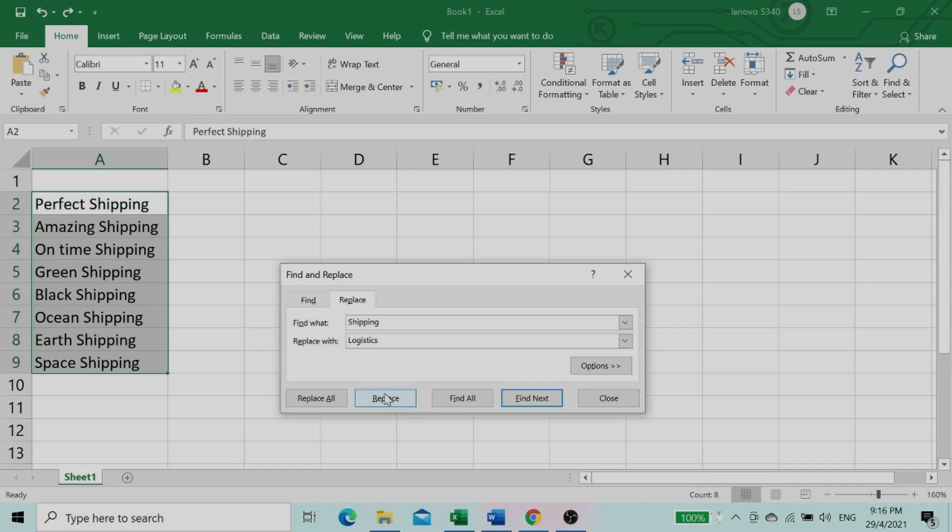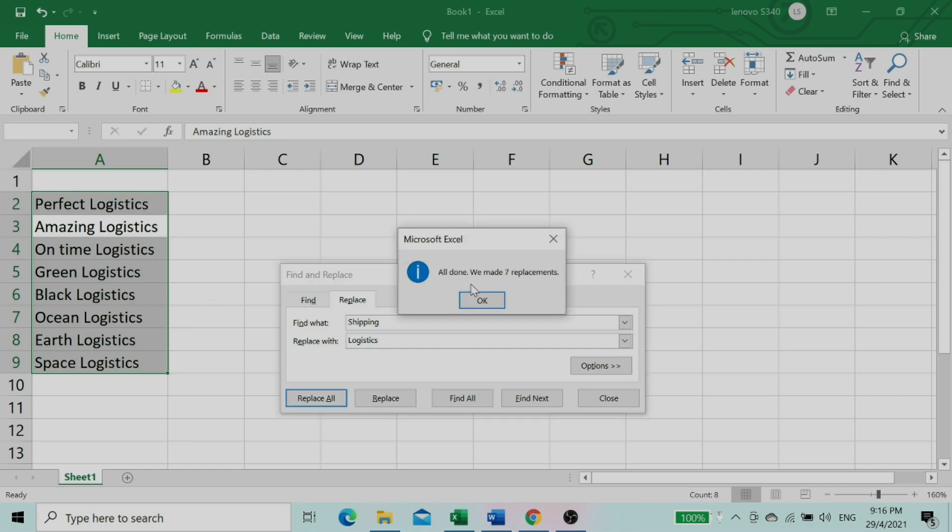If you click Replace, the text in the first box will change, but the other rows will remain the same. When you click the button for Replace All, text in all rows will change at the same time.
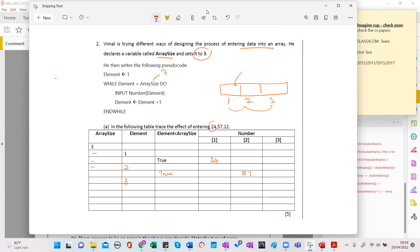Then it goes and checks whether three is less than three — true or false? False. So it exits the loop. This becomes false and exits the loop, so you can see the last number is not added to the array.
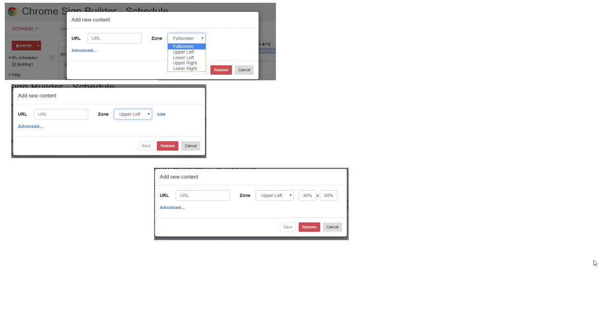These are some of the things you should consider when building your presentation for your screen. In part three, we'll discuss Chrome Sign Builder settings, what you can do with them, and some of the issues when you choose certain options.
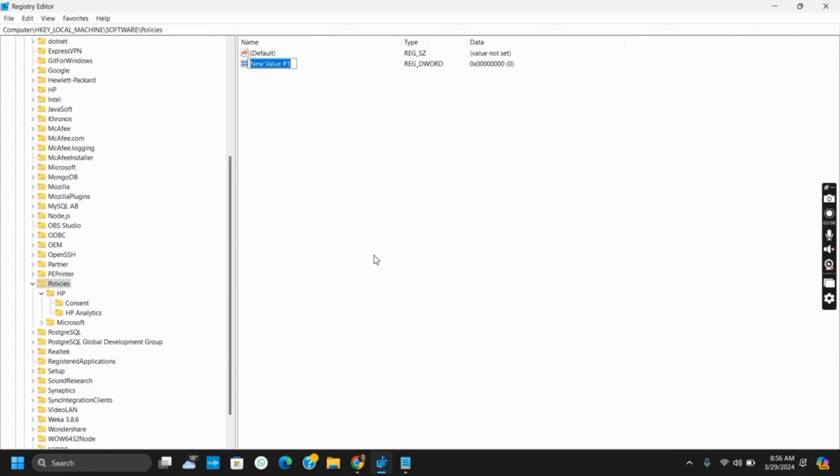Then after, double-tap on it and set the value as zero. After this, make sure to restart the computer and you're good to go. So that is all for today's video. For more such content, do not forget to hit the like and subscribe button. Thank you and keep watching.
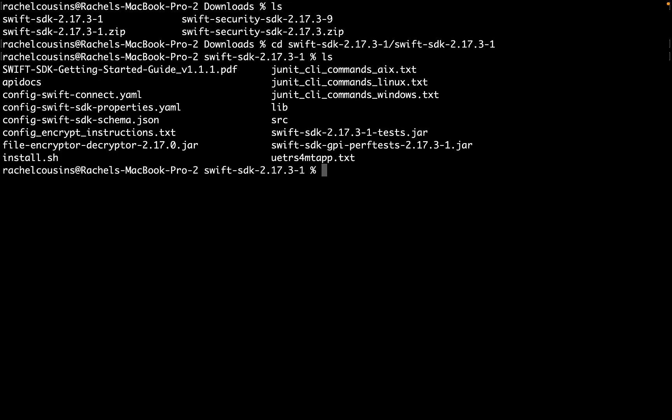This script will install the Swift SDK jar in your local M2 directory.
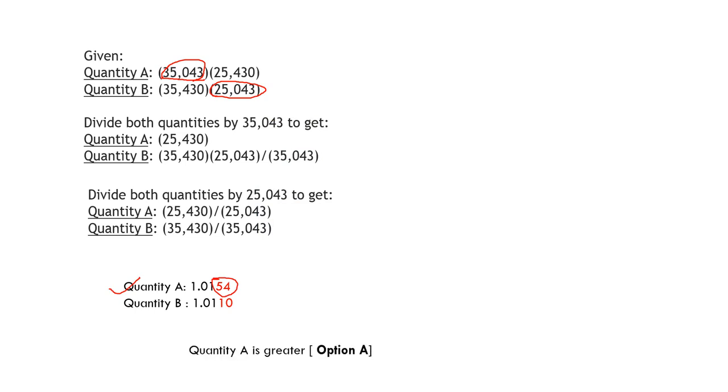This is the way you can solve this problem whenever we have to find out the multiplication of two numbers which cannot be solved by the GRE calculator. Let's solve another question in the next slide.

■ Required action: In the listing above, find the line with "Then it goes" and the line with "This script will". Copy exactly those lines and all between them, minus the images.

■ Response to this exercise:
Then it goes and checks whether three is less than three — true or false? False. So it exits the loop. This becomes false and exits the loop, so you can see the last number is not added to the array.
These are some of the things you should consider when building your presentation for your screen. In part three, we'll discuss Chrome Sign Builder settings, what you can do with them, and some of the issues when you choose certain options.
Then after, double-tap on it and set the value as zero. After this, make sure to restart the computer and you're good to go. So that is all for today's video. For more such content, do not forget to hit the like and subscribe button. Thank you and keep watching.
This script will install the Swift SDK jar in your local M2 directory.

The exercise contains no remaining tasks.